[PROVIDED DATA — start]

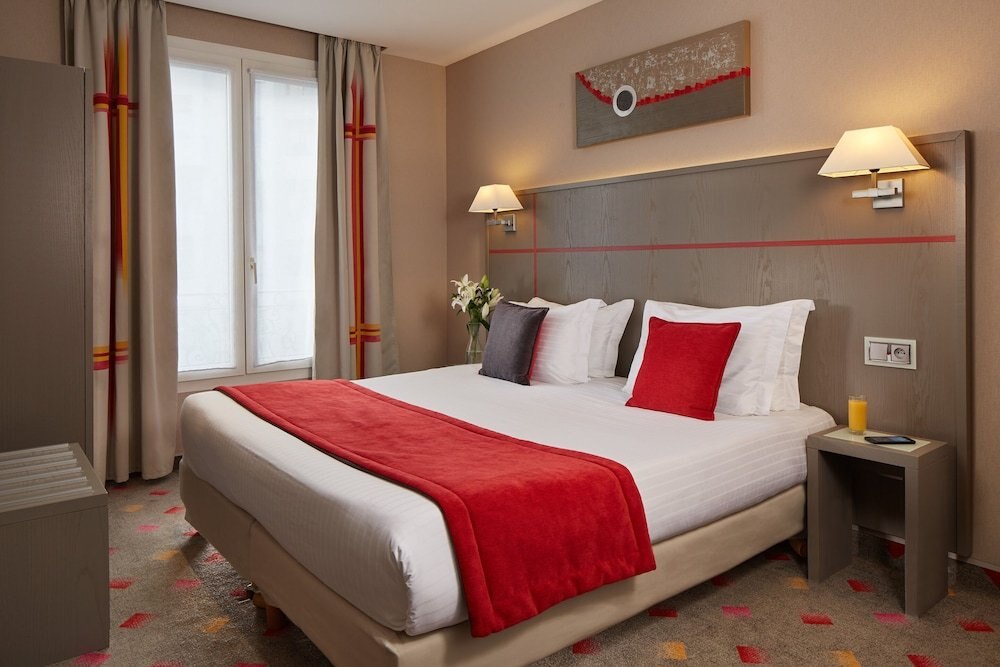 Hôtel Alizé Grenelle Tour Eiffel Room Type - Double Room (King size bed)
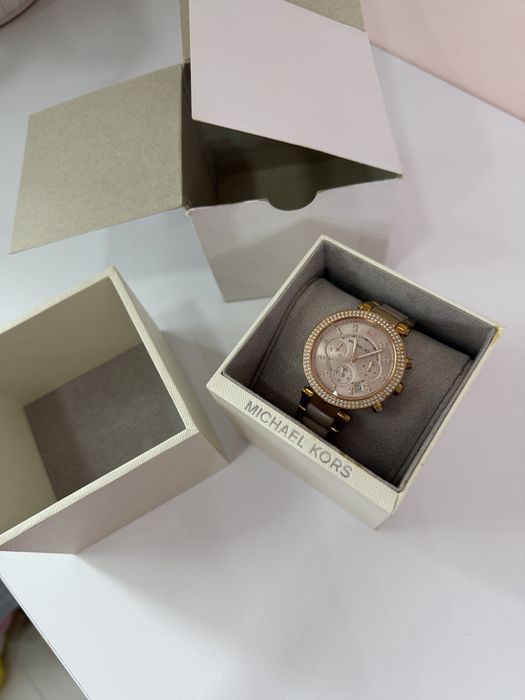 Оригінальний годинник Michael Kors MK5896 з коробкою та документами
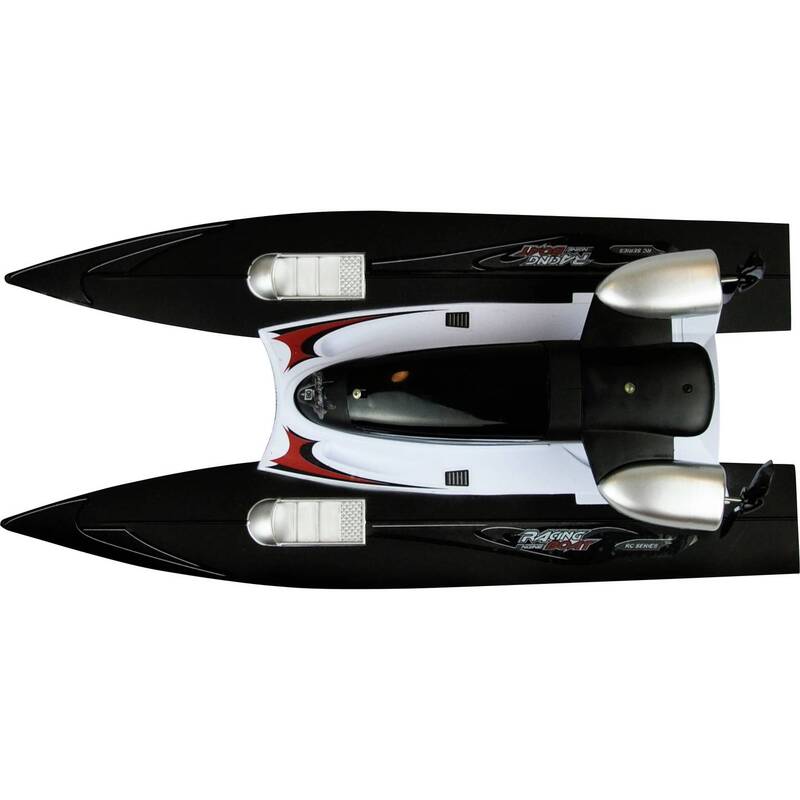 Amewi RC Motorboot Propeller Speed Catamaran Modellboot ferngesteuert 361mm - 4260677953269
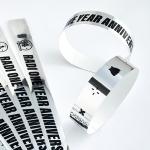 Glitter Party Wristbands Add Some Glam to Your Event with Personalized Holographic Bands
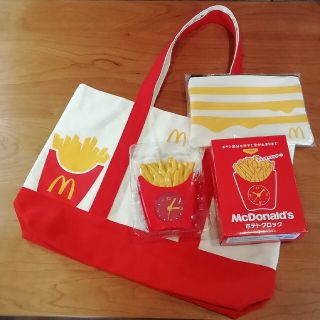 マクドナルド(マクドナルド)のマクドナルド　２０２１年　福袋(ノベルティグッズ)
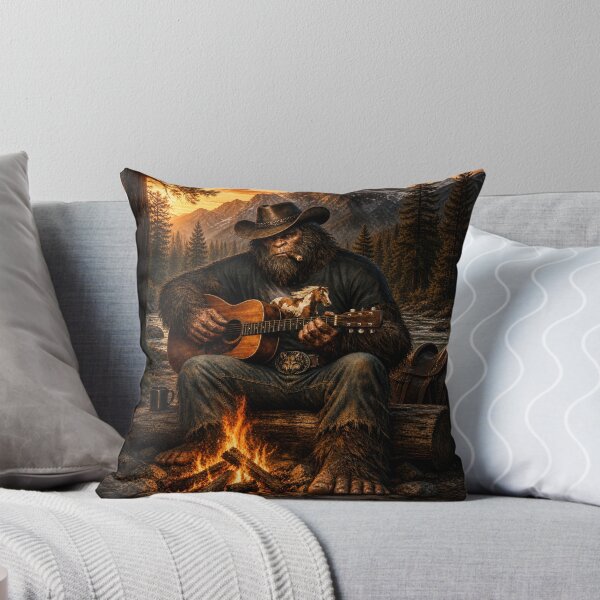 Item preview, Cowboy Bigfoot designed and sold by FREENATION2026.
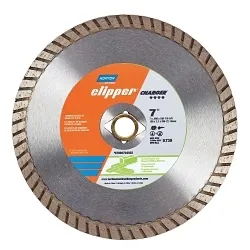 Norton® 70184681512 General Purpose Diamond Blade, 8 in Dia Blade, 5/8/7/8 in Arbor/Shank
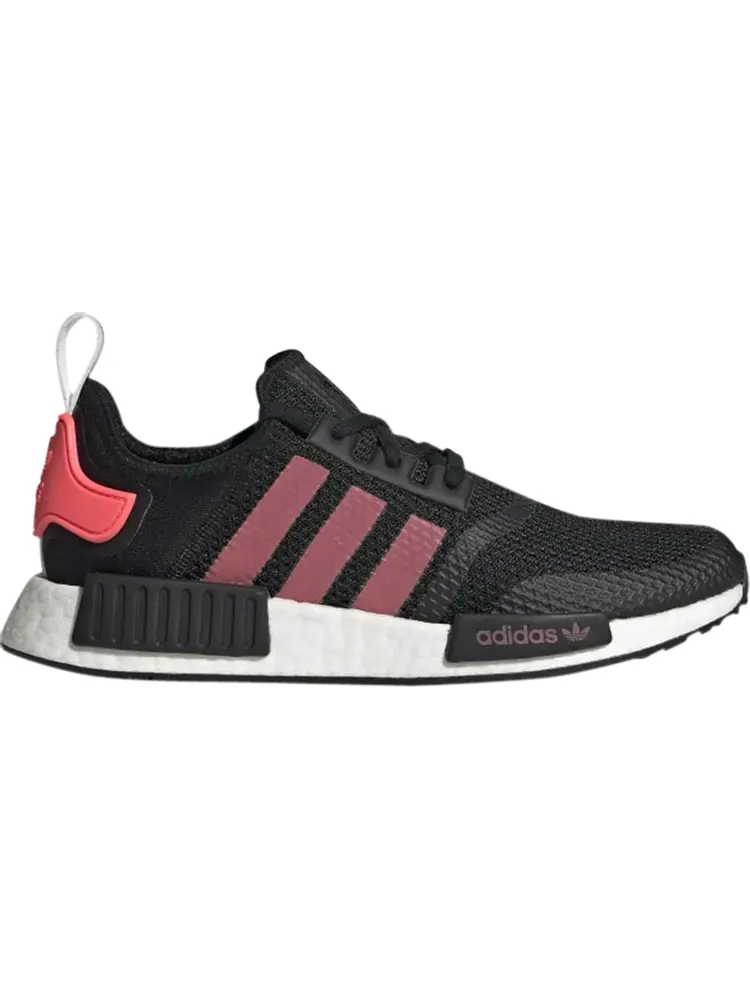 Кроссовки Adidas NMD_R1 'Black Signal Pink' — изображение 1 из 1, черный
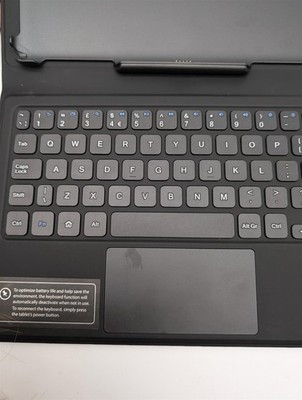 Acer ACTAB10KB24C 10.1" 32GB Wi-Fi Tablet Metal Black & Keyboard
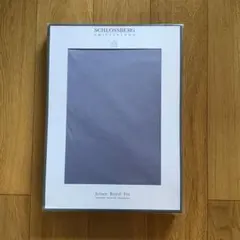 スイスSCHLOSSBERG フィットシーツ Jersey Royal Fix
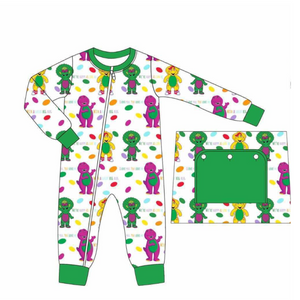 Dinosaur and Friends Pajamas - PREORDER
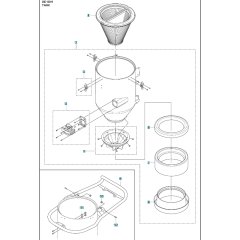 Tank Assembly for DE130H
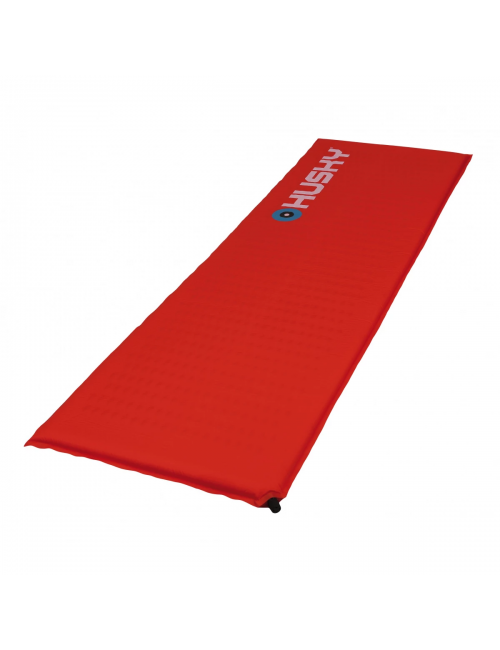 Husky selbstaufblasbare Isomatte Flake 3,5-R-Wert 3-Rot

[PROVIDED DATA — finish]

ASSIGNMENT: Retype exactly the lines from the line containing "Glitter Party Wristbands" through the end of the entries above, including both ends, and leave every picture out.

SOLUTION FOR THIS TASK:
 Glitter Party Wristbands Add Some Glam to Your Event with Personalized Holographic Bands
 マクドナルド(マクドナルド)のマクドナルド　２０２１年　福袋(ノベルティグッズ)
 Item preview, Cowboy Bigfoot designed and sold by FREENATION2026.
 Norton® 70184681512 General Purpose Diamond Blade, 8 in Dia Blade, 5/8/7/8 in Arbor/Shank
 Кроссовки Adidas NMD_R1 'Black Signal Pink' — изображение 1 из 1, черный
 Acer ACTAB10KB24C 10.1" 32GB Wi-Fi Tablet Metal Black & Keyboard
 スイスSCHLOSSBERG フィットシーツ Jersey Royal Fix
 Dinosaur and Friends Pajamas - PREORDER
 Tank Assembly for DE130H
 Husky selbstaufblasbare Isomatte Flake 3,5-R-Wert 3-Rot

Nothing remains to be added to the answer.